Tiró los restos de la patata y se puso en marcha. Al llegar a la fuente volvió a experimentar la sensación de que lo seguían. No era tan intensa como durante la ventisca, pero sí suficiente para obligarle a detenerse y echar un vistazo alrededor.

Mujeres con vestido de lana y pelerinas, hombres con gabán de cuello de piel y sombrero hongo paseaban tranquilamente disfrutando del paisaje invernal; los niños se tiraban bolas de nieve; los vendedores de comida pregonaban su mercancía; los pillos de la calle vendían periódicos. No había nada sospechoso pero, después del día anterior, Carver se había prometido hacer más caso a su instinto.

Hasta cruzando Broadway miraba hacia atrás para ver si alguien lo vigilaba, aunque después de estar en un tris de ser atropellado por un carruaje decidió que era mejor mirar por dónde iba.

Cuando llegó al tubo metálico que abría la puerta de la sede central vaciló y se quedó un momento quieto, por si su perseguidor se acercaba. Si esperaba el momento preciso y se daba la vuelta con rapidez quizá pudiese atraparlo. La sensación de estar siendo observado aumentó y se pegó a su columna vertebral con mayor intensidad que nunca.

Contó para sí, uno… dos…

Y se giró.

¡Tenía razón! Había alguien.

—¿Delia?

Llevaba el mismo tipo de ropa que la noche anterior, pero el grueso vestido de lana era de color verde. Se ceñía el cuello con un echarpe que no hacía juego.

—Ho… hola —contestó ella aturullada.

—¿Me estabas siguiendo? —dijo Carver acercándose.

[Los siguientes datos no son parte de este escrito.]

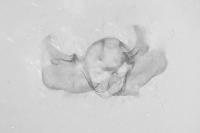 Cochylimorpha straminea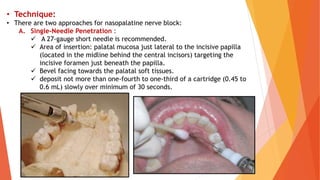 Np Injection oral surgery - techniques of local anesthesia powerpoint | PPTX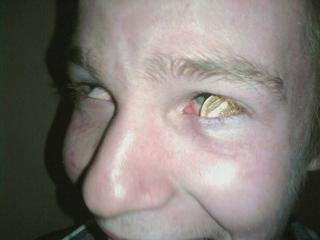 Kilgore's Nocturnal Exposition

—Te estaba investigando. Si tú haces prácticas de detective, ¿por qué no las voy a hacer yo de periodista?

Carver entrecerró los ojos.

—Era broma, más o menos —se apresuró a decir Delia—. Te vi en el banco desde la ventana, pero cuando llegué ya estabas cruzando el parque.

—¿Y no podías haberme llamado?

—Es que no estaba segura de querer hablar contigo.

—¿Por qué? —preguntó, dolido, Carver.

—Es que he averiguado algo… —Delia exhaló lentamente—, bueno, Jerrik más bien, y él se lo contó a Anne y Anne me lo contó a mí y se supone que yo no debo contárselo a nadie. Pero yo estoy convencida de que tú tienes que saberlo.

—¿De qué estás hablando, Delia?

Ella hizo una mueca, como tomando una decisión.

—De acuerdo, pues ahí va: esta mañana el Times ha recibido una carta dirigida al Comisionado Roosevelt. Creen que es del asesino.

—¿Qué dice? —pregunto Carver con los ojos muy abiertos.

—Por lo que dice creo yo que debes saberlo. Es muy corta, pero a mí me recuerda a… bueno, me recuerda a la carta que encontraste en el ático.

Carver frunció el ceño. No podía ser. No tenía sentido.

—¿Que te la recuerda? ¿En qué? ¿Qué dice?

Delia tragó saliva de forma audible antes de contestar:

—«Querido Jefe: Soy yo otra vez. No es guasa», y escribe «jefe» con mayúscula.

—¿Y eso te recuerda a la carta de mi padre?

Delia asintió con la cabeza.

Una sensación espantosa se abatió sobre Carver. Se sintió atrapado, con una cuchilla de carnicero colgando sobre la cabeza y deseando caérsele encima.

Aunque esto era mucho, muchísimo peor.